Darknet: Training rate is 0.000 during training, although 0.001 in the cfg file

Created on 15 May 2018 · 7Comments · Source: pjreddie/darknet

Hi,

I have followed the official instructions to run training on the VOC datasets. In my yolov3-voc.cfg I see

[net]
# Testing
# batch=1
# subdivisions=1
# Training
batch=64
subdivisions=64
width=416
height=416
channels=3
momentum=0.9
decay=0.0005
angle=0
saturation = 1.5
exposure = 1.5
hue=.1

learning_rate=0.001
burn_in=1000
max_batches = 50200
policy=steps
steps=40000,45000
scales=.1,.1

When running
./darknet detector train cfg/voc.data cfg/yolov3-voc.cfg darknet53.conv.74

I first see

Loading weights from darknet53.conv.74...Done!
Learning Rate: 0.001, Momentum: 0.9, Decay: 0.0005
Resizing
352
Loaded: 0.249344 seconds

but then, after some computations, I am surprised to find that the learning rate is 0.000:

1: 703.991638, 703.991638 avg, 0.000000 rate, 7.736669 seconds, 64 images
Loaded: 0.000032 seconds

Am I misinterpreting the output? Or there actually is something wrong with the training process?

Source

raggot

👍4

Most helpful comment

The issue lies with the burn_in parameter. It basically says "ramp up to learning_rate gradually over n iterations". If you remove that parameter, your learning rate will start out with the initial value set in the cfg file. A more detailed write up can be found here

AustinDoolittle on 16 May 2018

👍7 🚀1

All 7 comments

Hello, I have the same problem. Did you have solved it?

csj007 on 16 May 2018

No, but maybe we can share our setup to see what we have in common that could give hints to others.

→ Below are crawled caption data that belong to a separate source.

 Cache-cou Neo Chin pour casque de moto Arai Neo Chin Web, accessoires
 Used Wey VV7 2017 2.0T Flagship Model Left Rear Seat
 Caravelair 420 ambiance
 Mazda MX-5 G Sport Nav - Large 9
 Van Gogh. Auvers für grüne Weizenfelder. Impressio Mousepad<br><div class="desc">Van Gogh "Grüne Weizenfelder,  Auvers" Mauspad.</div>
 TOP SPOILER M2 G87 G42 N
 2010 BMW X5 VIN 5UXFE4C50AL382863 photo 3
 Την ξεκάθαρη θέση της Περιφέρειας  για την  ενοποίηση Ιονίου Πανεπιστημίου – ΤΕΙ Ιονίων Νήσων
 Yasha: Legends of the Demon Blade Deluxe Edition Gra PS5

I run on Ubuntu 16.04, on a built darknet from a commit that's around 1 month old, with CUDA 9.1 ande a GTX 1060 with 3GB memory as GPU.

Do we have anything in common? Tonight I'll try to rebuild darknet from the latest release available and let you know if the problem was solved.

raggot on 16 May 2018

AustinDoolittle on 16 May 2018

👍7 🚀1

Thanks! I had looked for an existing issue but couldn't find it. I'll close this issue.

raggot on 16 May 2018

Thanks so much! But when I removed that parameter, I met a new problem.

Loaded: 0.000044 seconds
2, 0.003: inf, inf avg, 0.099920 rate, 1.575415 seconds, 64 images
Loaded: 0.000054 seconds
3, 0.004: inf, inf avg, 0.099880 rate, 1.549280 seconds, 96 images

Do you know what is a "inf" loss?

csj007 on 16 May 2018

My noob guess is your training rate is too high, but that doesn't really answer your question.

raggot on 16 May 2018

Thanks so much! But when I removed that parameter, I met a new problem.

Loaded: 0.000044 seconds
2, 0.003: inf, inf avg, 0.099920 rate, 1.575415 seconds, 64 images
Loaded: 0.000054 seconds
3, 0.004: inf, inf avg, 0.099880 rate, 1.549280 seconds, 96 images

Do you know what is a "inf" loss?

Its Infinite Loss, Did you try to run the model again? Its showing every time?